Generic carve-out legislation would undermine the ability of pharmacists to substitute generic drugs in place of brand versions in certain drug classes. Many brand name drugs in these classes will soon face generic competition, according to Visante. Carve-out measures would protect these brands from competition by forcing pharmacists to contact prescribers for consent before substituting the generic, even when the prescriber has not indicated that a brand is medically necessary. This burdensome requirement runs counter to existing laws in all 50 states and could cause harmful delays for patients in need of their medications.

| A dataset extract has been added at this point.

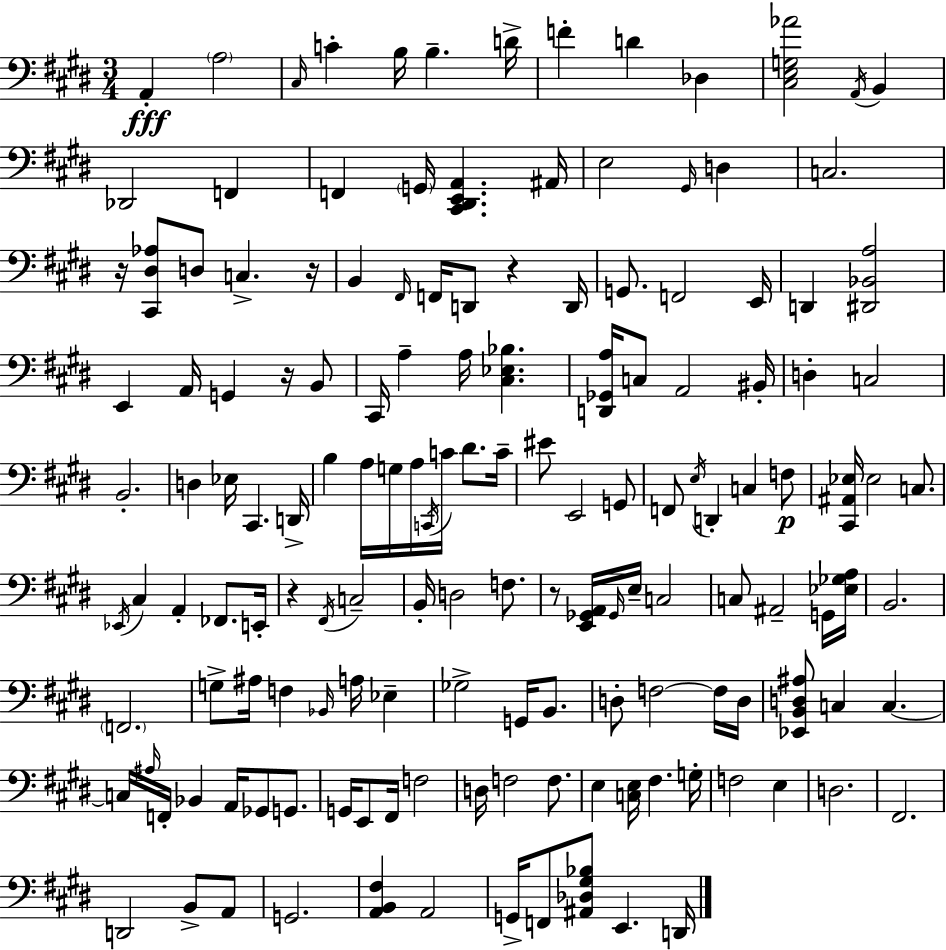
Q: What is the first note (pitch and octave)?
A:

In 2008, more than 57 generic carve-out bills were introduced in 27 states. Forty-four of those bills have died thus far this year in 21 states. Based on a comprehensive literature review and an analysis of prescription claims data from four national pharmacy benefit managers (PBMs) managing benefits for some 165 million Americans, Visante finds:

-- Generic carve-out legislation runs counter to the opinion of the Food and Drug Administration (FDA), which has repeatedly stated that generic drugs can be expected to have the same clinical effects as their brand counterparts and encourages generic substitution across all therapeutic categories, including medications in the antiepileptic, immunosuppressant, and antipsychotic classes.

-- If generic carve-out legislation were enacted nationally in 2009 in the antiepileptic, immunosuppressant, and antipsychotic therapeutic classes, total prescription drug costs to Medicaid, commercial payors, and consumers would increase by $29 billion over the 2010-2019 period.

-- Nationally enacted carve-out legislation would increase drug costs to commercial payors by $17.5 billion, Medicaid by $6.2 billion, and consumers by $5.3 billion over ten years.

PBMs encourage generic drug utilization by implementing programs such as lower or waived copayments for generics, clinical step therapy protocols, as well as patient and prescriber outreach. Coupled with generic substitution laws, such programs have resulted in the typical generic substitution rate exceeding 90 percent. With generic carve-outs, new generic entries would capture only 25 percent of the market previously held entirely by their respective brand equivalents, according to Visante.

To be conservative, Visante only measured the impact of generic carve-out legislation on new generic drugs since it would be more difficult for new generics to gain market share in the face of prescriber consent requirements. Visante also suggests that carve-out legislation could impact the use of older generic drugs, since the vast majority of prescriptions for such products are still written by prescribers using the medication's brand name.

PCMA is the national association representing America's pharmacy benefit managers (PBMs), which administer prescription drug plans for more than 210 million Americans with health coverage provided through Fortune 500 employers, health insurance plans, labor unions, and Medicare Part D.